Conservar lo útil de lo creado por el hombre es una lección duramente aprendida a lo largo del siglo XX. Ninguno de los grandes experimentos de transformación social, enarbolados por varias especies de comunismo, han podido dar vida sustentable a las grandes utopías que han querido construir sociedades habitables e igualitarias, empeños realizados tanto en países ricos y avanzados como en naciones pobres, en vías de desarrollo y no.
En buena medida, ahora vivimos una reproducción segmentada del mundo que la globalización vanamente prometió superar, pero que al final de cuentas reprodujo y afirmó como realidad universal. Tal es el cruel veredicto de la crisis profunda de esa globalización. El mundo cambia, pero reproduce ampliadamente su fragmentación originaria que muchos, desde sus fondos, buscan subvertir migrando.
Con todo y la carga social negativa que supone esa reproducción del sistema mundial, es innegable que en varios y decisivos aspectos de la vida social los otrora “condenados de la tierra” se las han arreglado para mejorar sus formas de existencia y hacerse de mecanismos de defensa de sus niveles de vida y de afirmación de expectativas de mejora.
El mundo sigue moviéndose y también, aunque de manera desigual, prácticamente todas las clases, regiones y localidades que le dan sentido material e histórico; en nuestro caso, así lo constata el reciente informe de Coneval que da cuenta de una cansina reducción de carencias sociales.

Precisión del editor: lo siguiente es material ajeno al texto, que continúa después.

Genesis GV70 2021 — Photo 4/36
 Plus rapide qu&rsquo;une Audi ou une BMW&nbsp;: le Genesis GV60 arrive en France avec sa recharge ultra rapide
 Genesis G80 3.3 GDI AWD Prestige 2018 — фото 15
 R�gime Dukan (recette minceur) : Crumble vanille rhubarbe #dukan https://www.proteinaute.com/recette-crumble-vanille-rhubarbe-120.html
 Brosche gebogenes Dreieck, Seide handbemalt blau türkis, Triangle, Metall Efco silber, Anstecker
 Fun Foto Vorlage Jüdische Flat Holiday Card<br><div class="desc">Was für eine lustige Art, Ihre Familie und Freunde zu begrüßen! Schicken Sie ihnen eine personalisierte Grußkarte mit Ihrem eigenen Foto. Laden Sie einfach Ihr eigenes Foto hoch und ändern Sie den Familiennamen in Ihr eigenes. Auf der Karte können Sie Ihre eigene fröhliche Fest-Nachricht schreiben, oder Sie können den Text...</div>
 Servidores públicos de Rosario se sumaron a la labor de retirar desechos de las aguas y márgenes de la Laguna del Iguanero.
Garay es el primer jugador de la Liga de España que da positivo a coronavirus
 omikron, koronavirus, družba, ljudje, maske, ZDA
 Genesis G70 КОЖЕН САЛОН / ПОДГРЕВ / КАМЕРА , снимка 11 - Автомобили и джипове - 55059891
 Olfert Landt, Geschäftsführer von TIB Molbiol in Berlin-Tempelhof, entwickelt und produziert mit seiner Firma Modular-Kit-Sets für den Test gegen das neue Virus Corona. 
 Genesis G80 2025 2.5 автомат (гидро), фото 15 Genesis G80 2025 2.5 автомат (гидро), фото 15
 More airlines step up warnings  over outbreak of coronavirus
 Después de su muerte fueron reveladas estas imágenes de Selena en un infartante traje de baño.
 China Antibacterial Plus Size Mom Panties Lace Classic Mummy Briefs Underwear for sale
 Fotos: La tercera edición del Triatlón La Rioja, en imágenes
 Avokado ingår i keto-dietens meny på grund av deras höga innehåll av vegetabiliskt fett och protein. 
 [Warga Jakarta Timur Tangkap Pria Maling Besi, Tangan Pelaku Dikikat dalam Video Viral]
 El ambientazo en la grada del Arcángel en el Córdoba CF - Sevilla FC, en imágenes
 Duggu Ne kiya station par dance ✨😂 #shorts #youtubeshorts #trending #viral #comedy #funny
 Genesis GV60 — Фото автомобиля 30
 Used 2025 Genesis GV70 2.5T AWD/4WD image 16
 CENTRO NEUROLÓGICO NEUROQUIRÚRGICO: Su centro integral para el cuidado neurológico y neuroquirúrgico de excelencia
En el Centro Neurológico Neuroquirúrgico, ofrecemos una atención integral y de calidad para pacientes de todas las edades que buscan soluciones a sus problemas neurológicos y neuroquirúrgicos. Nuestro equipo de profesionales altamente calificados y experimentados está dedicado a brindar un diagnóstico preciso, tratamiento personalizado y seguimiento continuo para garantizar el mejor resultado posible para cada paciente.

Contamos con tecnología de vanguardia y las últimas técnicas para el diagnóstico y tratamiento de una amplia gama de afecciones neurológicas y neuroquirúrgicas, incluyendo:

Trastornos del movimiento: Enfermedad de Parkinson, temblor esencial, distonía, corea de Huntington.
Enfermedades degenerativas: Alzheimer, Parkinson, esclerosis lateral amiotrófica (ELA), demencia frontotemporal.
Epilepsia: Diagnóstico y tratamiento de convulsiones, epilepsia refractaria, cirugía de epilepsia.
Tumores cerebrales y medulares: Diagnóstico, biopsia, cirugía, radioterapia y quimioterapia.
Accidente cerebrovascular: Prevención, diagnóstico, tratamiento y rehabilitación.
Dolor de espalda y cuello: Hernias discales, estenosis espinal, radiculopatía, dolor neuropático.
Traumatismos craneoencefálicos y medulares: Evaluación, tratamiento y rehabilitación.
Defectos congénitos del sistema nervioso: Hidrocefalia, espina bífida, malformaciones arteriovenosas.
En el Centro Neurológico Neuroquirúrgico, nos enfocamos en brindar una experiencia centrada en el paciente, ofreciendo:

El redescubrimiento de la desigualdad y la descalificación del mito que, todavía hace poco, defendía la desigualdad como condición necesaria de mejoramiento y cambio, ha introducido una dimensión compleja a las formas, criterios y evaluación del desempeño de los Estados y las naciones. Al día de hoy nadie se atreve a soslayar el peso de la inequidad apelando al tamaño o la dinámica del crecimiento económico. Y, si bien hay creciente conciencia de la necesidad de cambios urgentes, todavía está por verse si las comunidades humanas organizadas van a lidiar con esta lacra apoyándose en los Estados de Bienestar y en los programas focalizados contra la pobreza intentados en muchos países, en particular entre nosotros.
En esta materia, sensible como lo es, hacer tabla rasa con lo hecho, no sólo es desaconsejable, sino que puede probarse contraproducente e irracional. Así lo indican los resultados con que contamos en cuanto a lo hecho en el combate a la pandemia y la ausencia de programas masivos de transferencias para las familias pobres o, peor aún, la del llamado Seguro Popular, cuya desaparición no ha encontrado un sustituto adecuado. Sin olvidar la vergonzosa marginación de la política ambiental y el maltrato de sus organismos científicos. En estos casos, asistimos a una demolición institucional suicida, pero los que la sufren no escriben en estas páginas.
Qué conservar y qué mejorar; qué reformar y qué desechar, son temas que no pueden descalificarse por impertinentes. Exigen ser afrontados cuanto antes por el Estado, el gobierno y los partidos, y difundidos y discutidos en los medios.
Apelar a figuras del pasado, en miope lectura histórica, en particular del siglo XIX, poniendo en la picota a unos fantasmales “conservadores”, de poco sirve para entender y superar la adversa circunstancia que hoy vive el país. De lo que se trata es de hacer una política económica y social a la altura de los resultados terribles de nuestra dura experiencia con la pandemia y a partir de lo que tenemos y sirve.
Por más que nos pese y se le atore al Presidente, en el siglo XX hubo momentos de construcción material e institucional que deben ser puestos en su justa dimensión, valorarse para conservarse. Los errores y abusos de los grupos gobernantes; las crisis de cierre del ciclo posrevolucionario y sus lamentables aterrizajes en agotamiento económico y empobrecimiento con desigualdad, no deben ser argumentos suficientes para desmantelar la arquitectura institucional. Convocar a la reconstrucción y, en su caso, a la innovación con criterios expresos de igualdad en la división del trabajo, el reparto de los frutos del progreso técnico o material es, sigue siendo, la convocatoria.
Supongo que lo anterior no es de utilidad para la campaña interminable, articulada por sucesivas pendencias, en la que el Presidente se ha embarcado sin asumir la responsabilidad nacional de su cargo. Con todo, no pueden aceptarse pasivamente las taxonomías fantásticas que cada mañana nos asesta el mandatario.
Ante los despropósitos presidenciales, como valientemente los llamó Carmen Aristegui, en la relación del poder con la prensa, la reivindicación inmediata y universal de una ética de la responsabilidad a la altura de nuestras angustias es una urgencia. Una responsabilidad republicana que nos obliga a todos.